In the present invention, the properties of carbonylcyanide m-chlorophenylhydrazone (CCCP), a substance acting on mitochondria, for adipocyte mitophagy were identified, and based on this, correlation with changes in adipocyte morphology relationship was established. In addition, it confirmed the efficacy of drugs such as polyunsaturated phosphatidylcholine (PPC), which is well known as a fat reducing agent, on mitophagy of adipocytes. Identify connectivity. Polyene phosphatidylcholine and polyunsaturated phosphatidylcholine (PPC) have been approved for safety by the Ministry of Food and Drug Safety, and are well known for dissolving the fat cell wall into a liquid by breaking the binding of adipocytes and discharging them out of the body. Originally developed as an injection for liver function recovery (liver cell regeneration), it was known to be effective for cirrhosis and fatty liver, but now it is used as a fat-reducing agent. In addition, the present invention investigated how the PPC-induced expression change of UPC1 protein, which is important for maintaining the function of adipocyte mitochondria, is related to the generation of mitophagy caused by PPC [Lower fat - Change in the shape of adipocytes - Mitophagy occurrence of - UPC1 protein change], etc., were investigated.

Investigation of such mechanistic effects will suggest an effective method for developing innovative new drugs (first-in-class) weight control agents or obesity treatments using adipocyte mitophagy in the future.

Vecente Lahera, et al., Role of Mitochondrial Dysfunction in Hypertension and Obesity, Curr Hypertens Rep (2017) 19:11

An object of the present invention is to provide a method for effectively screening a drug for preventing or treating obesity using a mechanism that induces mitophagy in adipocytes.

The present invention provides an effective new drug screening technique for rapidly developing drugs for reducing body fat by searching for substances that induce mitophagy in adipocytes in the process of developing a body fat loss agent by inhibiting adipocytes. can

Accordingly, the present invention provides a screening method for a drug for preventing or treating obesity.

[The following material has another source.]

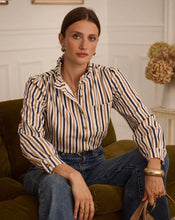 Load image into Gallery viewer, InApril 1986 cotton stripe overshirt
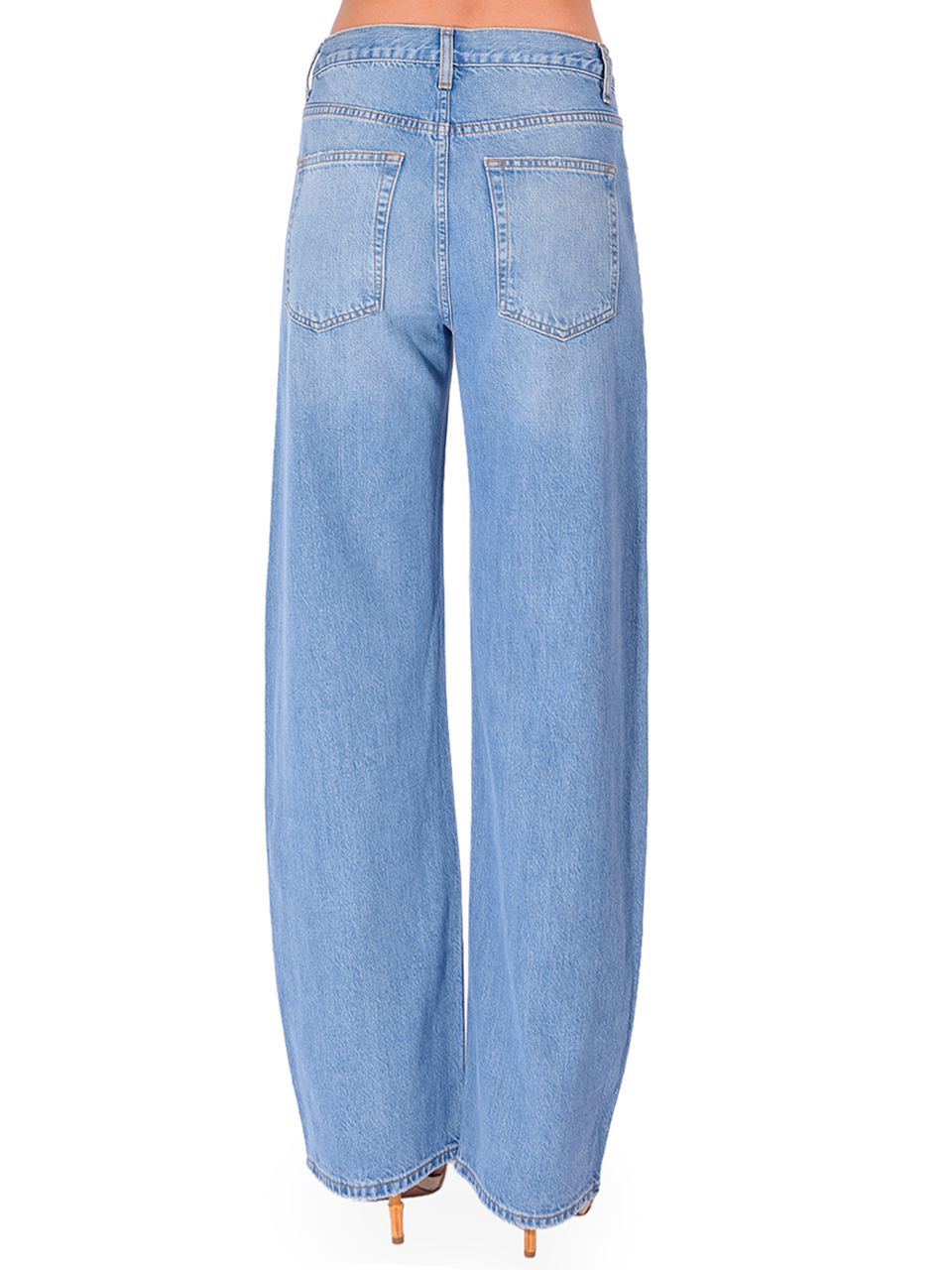 FRAME Off-Duty Drawstring Bow in Afterglow Back View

Specifically, the present invention

After contacting the adipocytes with the candidate substance outside the human body,

It provides a screening method for a drug for the prevention or treatment of obesity, comprising determining whether the candidate substance generates or does not generate mitophagy of adipocytes.

In the present invention, when the candidate substance generates mitophagy in adipocytes, the candidate substance can be determined as a drug for preventing or treating obesity. In this case, whether or not the adipocytes generate mitophagy can be confirmed through the fusion of autophagosome and lysosome of mitochondria of adipocytes or the ratio of LC3-I and LC3-II proteins. The fusion of the autophagosome and the lysosome is determined by measuring the fluorescence intensity when the autophagosome and the lysosome are fused or combined using a fluorescent dye. have.

The ratio of the LC3-I and LC3-II proteins may mean the degree to which the LC3-I protein is converted to the LC3-II protein. LC3 or Atg8 is a ubiquitin-type protein, where LC3-I undergoes post-translational modification. LC3 is cleaved at the C-terminus by protease Atg4 to become LC3-I, thereby exposing the C-terminal glycine residue. LC3-I is transformed to LC3-II by phosphatidylethanolamine (PE). The LC3 system plays an important role in the transport and maturation of autophagosomes, and LC3-II is attached to the membrane of the endoplasmic reticulum until degradation occurs in the autolysosome, so it is used as a marker of the autophagosome membrane. do. That is, as the ratio of LC3-II protein to LC3-I increased, it means that the number of generated autophagosomes increased, which means the generation of mitophagy. Therefore, by measuring the ratio of the LC3-II protein to the LC3-I, it can be confirmed that the autophagosome increases as the ratio of the LC3-II protein increases.

In the present invention, all methods known in the art may be applied as it is, in addition to the methods described above, to determine whether or not mitophagy occurs in adipocytes.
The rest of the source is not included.